### [What the exercise asks]
Given the entries that follow, write out exactly the lines starting at the one containing "public bathroom with graffiti" and ending at the one containing "A woman standing", both ends included, and only those.

-- -- --

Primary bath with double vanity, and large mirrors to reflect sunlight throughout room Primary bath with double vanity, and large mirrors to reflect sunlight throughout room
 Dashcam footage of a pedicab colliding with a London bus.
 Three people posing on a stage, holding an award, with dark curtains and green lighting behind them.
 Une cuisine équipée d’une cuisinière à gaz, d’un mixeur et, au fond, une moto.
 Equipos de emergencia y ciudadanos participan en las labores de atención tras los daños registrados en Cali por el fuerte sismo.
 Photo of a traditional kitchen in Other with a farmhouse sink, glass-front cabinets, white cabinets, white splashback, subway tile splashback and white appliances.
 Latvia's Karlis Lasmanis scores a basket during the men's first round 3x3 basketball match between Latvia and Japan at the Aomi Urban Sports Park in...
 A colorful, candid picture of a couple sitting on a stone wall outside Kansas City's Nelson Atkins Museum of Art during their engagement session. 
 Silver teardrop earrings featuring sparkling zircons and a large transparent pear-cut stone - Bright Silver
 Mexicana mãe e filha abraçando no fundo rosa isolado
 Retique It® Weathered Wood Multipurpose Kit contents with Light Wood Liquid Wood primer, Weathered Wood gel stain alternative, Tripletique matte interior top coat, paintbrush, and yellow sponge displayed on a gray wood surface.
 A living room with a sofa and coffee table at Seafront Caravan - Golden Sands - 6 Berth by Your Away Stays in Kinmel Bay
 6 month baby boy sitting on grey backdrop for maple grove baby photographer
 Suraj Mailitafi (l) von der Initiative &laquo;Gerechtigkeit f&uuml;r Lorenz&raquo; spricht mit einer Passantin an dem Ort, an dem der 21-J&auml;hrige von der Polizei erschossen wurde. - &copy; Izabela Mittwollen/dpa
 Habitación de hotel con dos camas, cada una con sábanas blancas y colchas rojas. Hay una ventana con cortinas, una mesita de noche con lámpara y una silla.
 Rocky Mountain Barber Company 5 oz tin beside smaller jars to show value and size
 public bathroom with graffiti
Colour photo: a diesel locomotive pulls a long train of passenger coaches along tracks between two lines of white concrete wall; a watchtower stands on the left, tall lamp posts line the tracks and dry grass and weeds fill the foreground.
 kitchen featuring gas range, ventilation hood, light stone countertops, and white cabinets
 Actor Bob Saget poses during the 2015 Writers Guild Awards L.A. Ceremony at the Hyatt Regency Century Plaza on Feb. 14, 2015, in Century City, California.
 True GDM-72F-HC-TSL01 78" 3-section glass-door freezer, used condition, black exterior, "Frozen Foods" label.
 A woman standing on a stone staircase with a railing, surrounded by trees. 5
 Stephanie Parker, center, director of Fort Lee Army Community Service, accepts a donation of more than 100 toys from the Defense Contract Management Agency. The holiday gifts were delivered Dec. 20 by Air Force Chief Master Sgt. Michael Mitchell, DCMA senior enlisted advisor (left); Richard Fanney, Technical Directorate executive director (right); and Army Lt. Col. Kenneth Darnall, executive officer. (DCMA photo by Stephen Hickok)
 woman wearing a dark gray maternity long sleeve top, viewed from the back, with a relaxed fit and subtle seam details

-- -- --

### [Exercise output]
 public bathroom with graffiti
Colour photo: a diesel locomotive pulls a long train of passenger coaches along tracks between two lines of white concrete wall; a watchtower stands on the left, tall lamp posts line the tracks and dry grass and weeds fill the foreground.
 kitchen featuring gas range, ventilation hood, light stone countertops, and white cabinets
 Actor Bob Saget poses during the 2015 Writers Guild Awards L.A. Ceremony at the Hyatt Regency Century Plaza on Feb. 14, 2015, in Century City, California.
 True GDM-72F-HC-TSL01 78" 3-section glass-door freezer, used condition, black exterior, "Frozen Foods" label.
 A woman standing on a stone staircase with a railing, surrounded by trees. 5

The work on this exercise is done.